__What is needed__. With the images left out, print every entry that follows exactly.

### Provided data ###

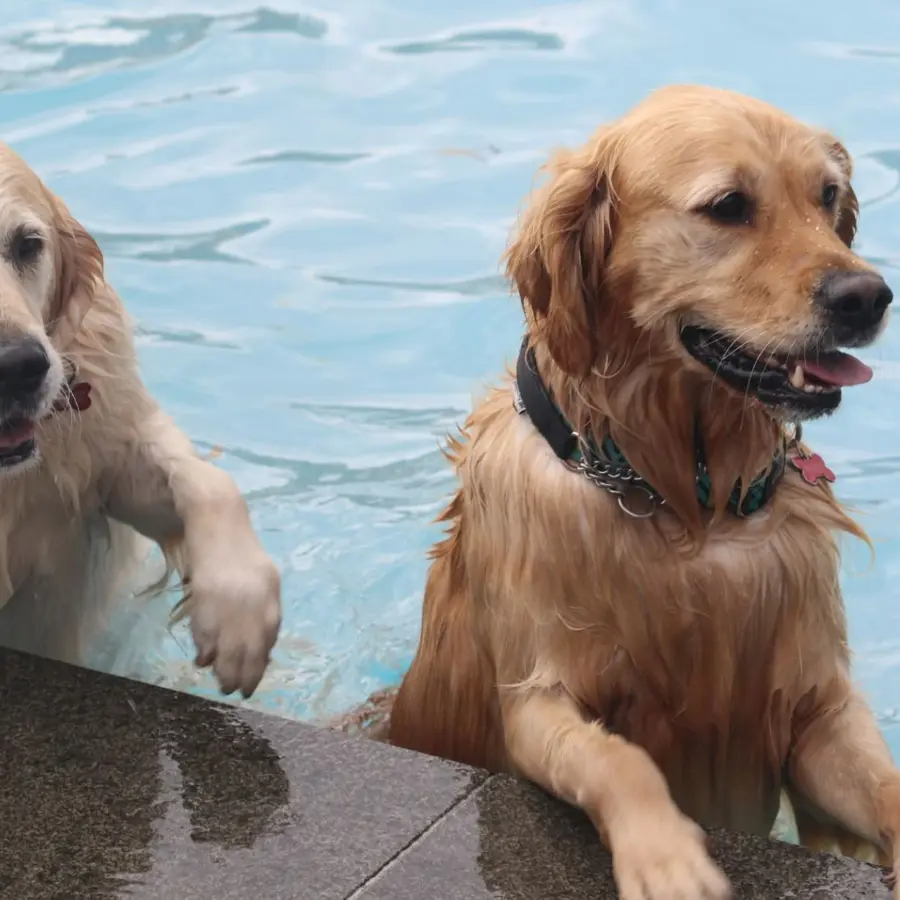 Hondencamping Nederland hondenplons 59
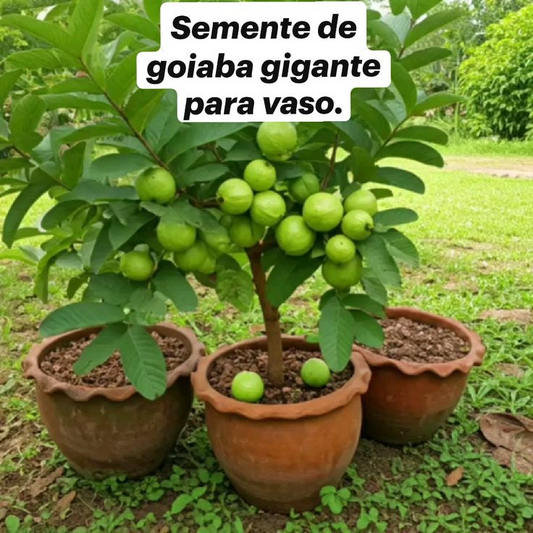 🌱Easy to Grow - 🍈 Pink Guava Living Tree Seedlings
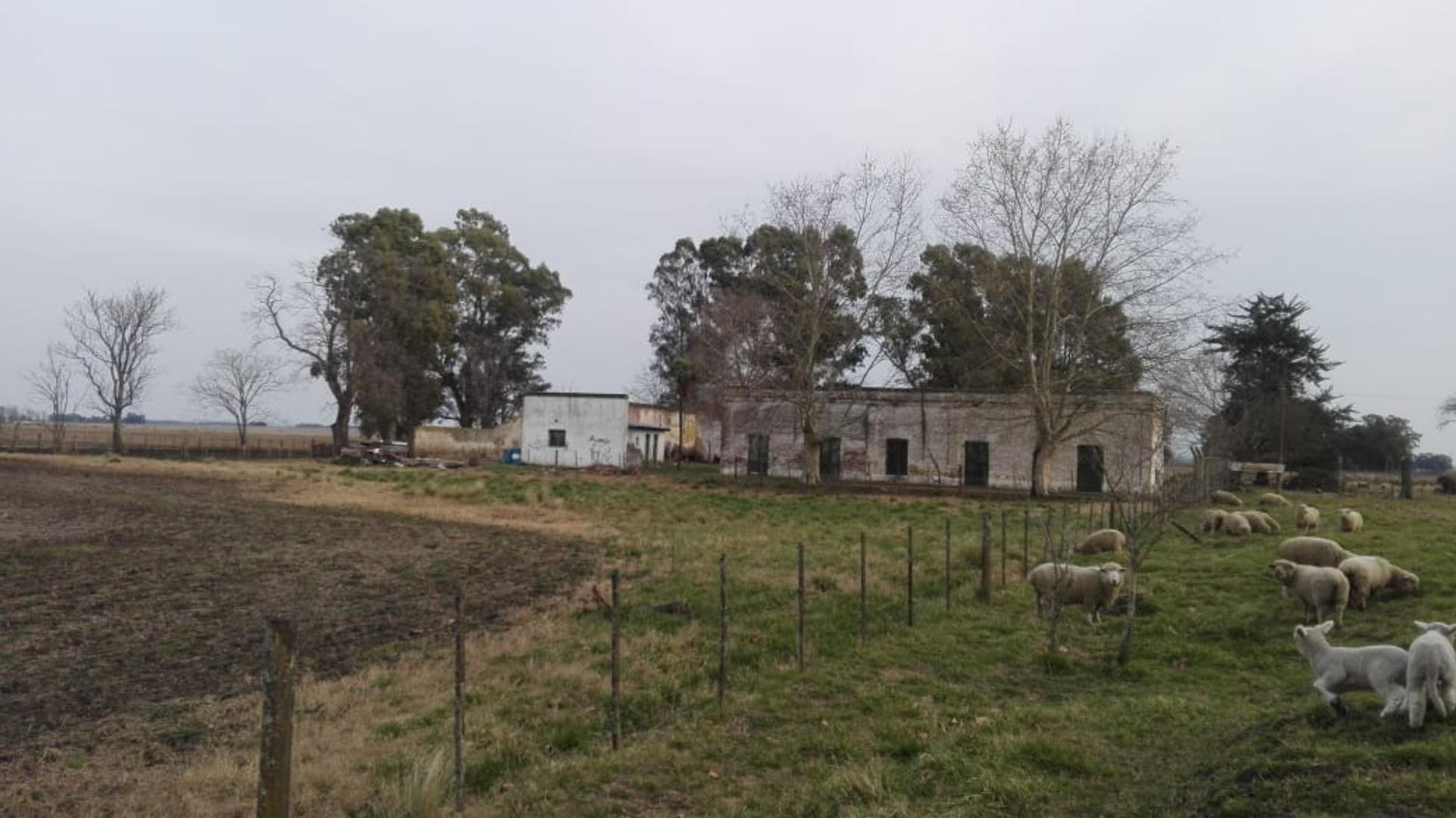 Quinta en Venta de 5 dormitorios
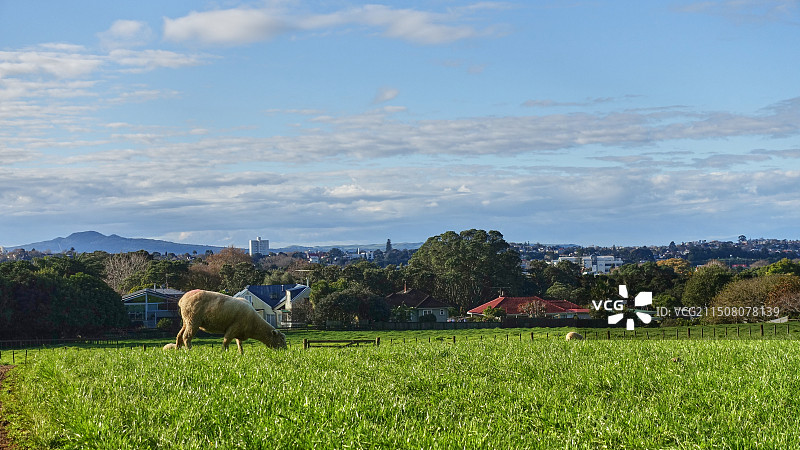 新西兰奥克兰肯威尔公园Cornwall Park草地上的羊图片素材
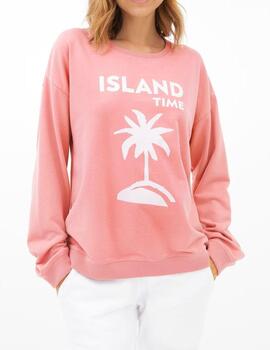 Felpa 820 18 059 Rosa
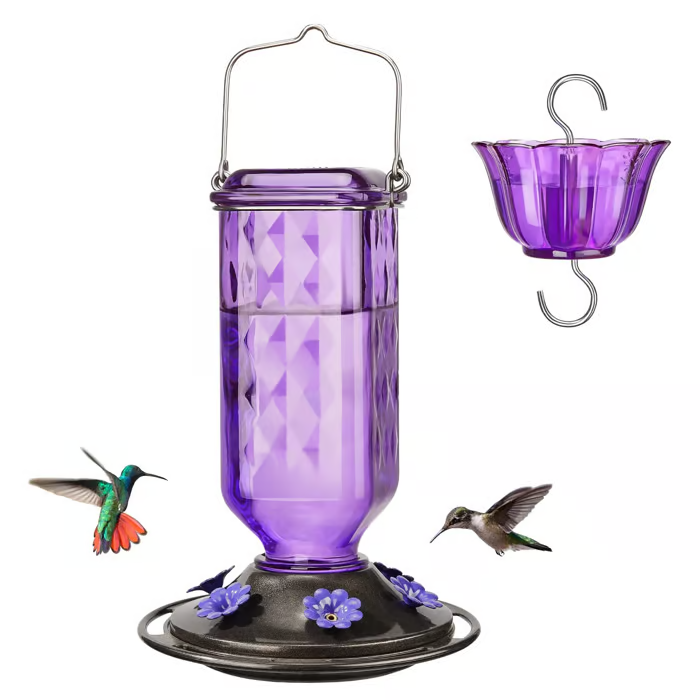 🔥HOT SALE 50% OFF🔥New Hanging Outdoor Glass Hummingbird Feeder With Perch And Built-in Ant Moat🐦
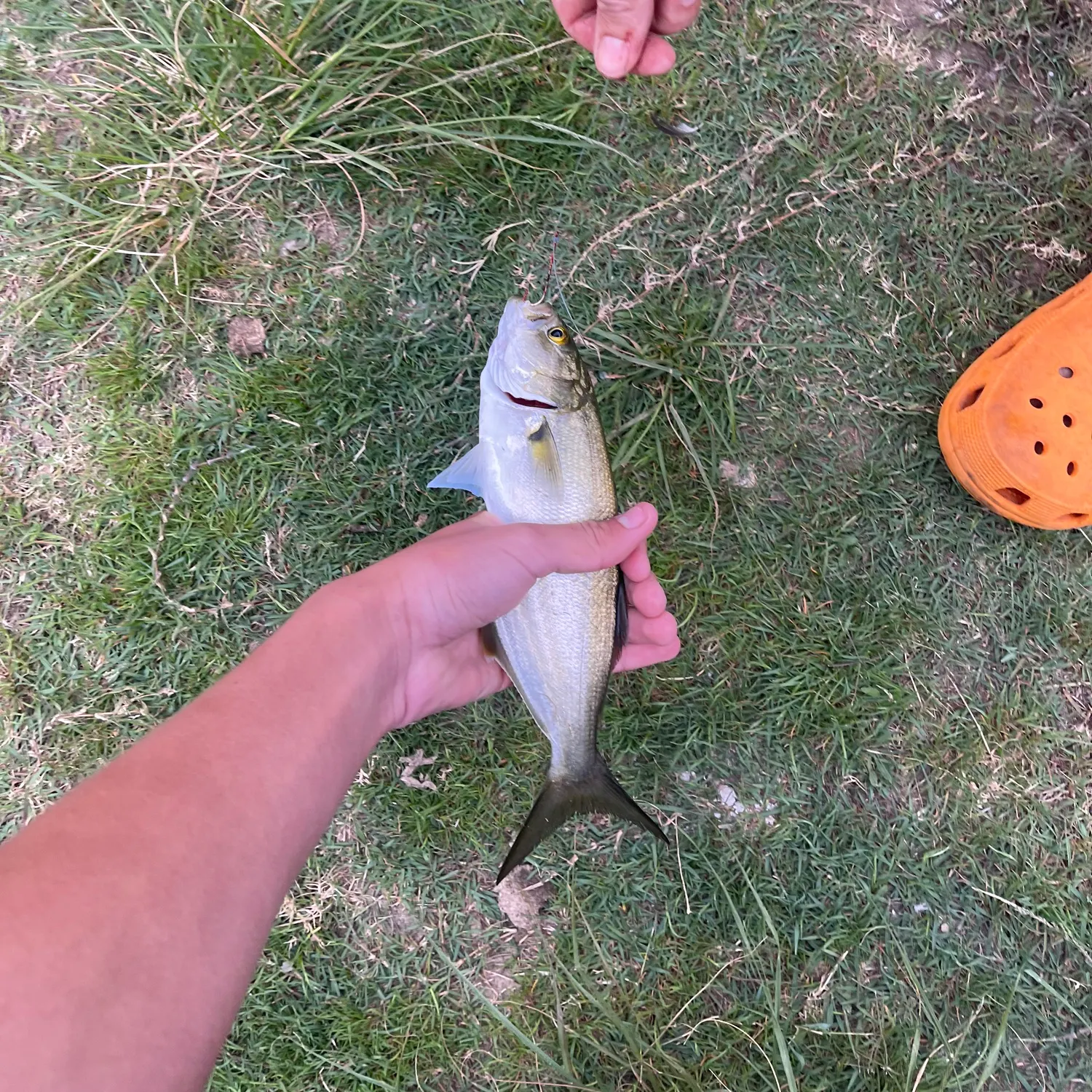 Yellow-eye mullet caught on Fishbrain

###

__Result__.
 Hondencamping Nederland hondenplons 59
 🌱Easy to Grow - 🍈 Pink Guava Living Tree Seedlings
 Quinta en Venta de 5 dormitorios
 新西兰奥克兰肯威尔公园Cornwall Park草地上的羊图片素材
 Felpa 820 18 059 Rosa
 🔥HOT SALE 50% OFF🔥New Hanging Outdoor Glass Hummingbird Feeder With Perch And Built-in Ant Moat🐦
 Yellow-eye mullet caught on Fishbrain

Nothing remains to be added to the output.